Tess of the d'Urbervilles eBook

This eBook from the Gutenberg Project consists of approximately 557 pages of information about Tess of the d'Urbervilles.

Tess of the d'Urbervilles eBook

This eBook from the Gutenberg Project consists of approximately 557 pages of information about Tess of the d'Urbervilles.

“He can with my assistance.  He must!”

“And with mine.”

“No, sir!”

“How damned foolish this is!” burst out d’Urberville.  “Why, he thinks we are the same family; and will be quite satisfied!”

“He don’t.  I’ve undeceived him.”

“The more fool you!”

D’Urberville in anger retreated from her to the hedge, where he pulled off the long smockfrock which had disguised him; and rolling it up and pushing it into the couch-fire, went away.

Tess could not get on with her digging after this; she felt restless; she wondered if he had gone back to her father’s house; and taking the fork in her hand proceeded homewards.

Some twenty yards from the house she was met by one of her sisters.

“O, Tessy—­what do you think!  ’Liza-Lu is a-crying, and there’s a lot of folk in the house, and mother is a good deal better, but they think father is dead!”
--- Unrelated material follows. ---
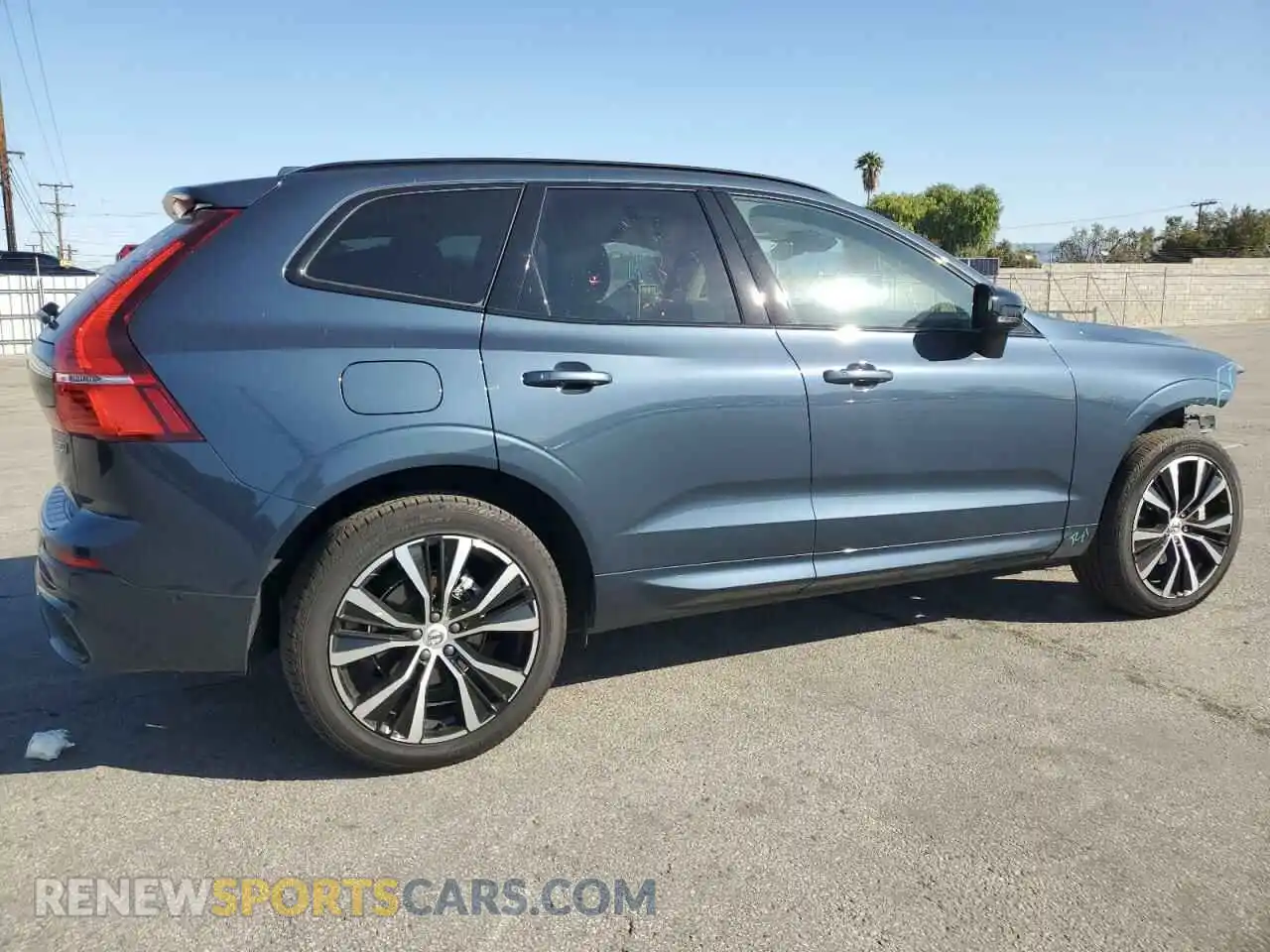 3 Фотография поврежденного автомобиля YV4L12RW5P1368043 VOLVO XC60 PLUS 2023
The child realized the grandeur of the news; but not as yet its sadness, and stood looking at Tess with round-eyed importance till, beholding the effect produced upon her, she said—­

“What, Tess, shan’t we talk to father never no more?”

“But father was only a little bit ill!” exclaimed Tess distractedly.

’Liza-Lu came up.

“He dropped down just now, and the doctor who was there for mother said there was no chance for him, because his heart was growed in.”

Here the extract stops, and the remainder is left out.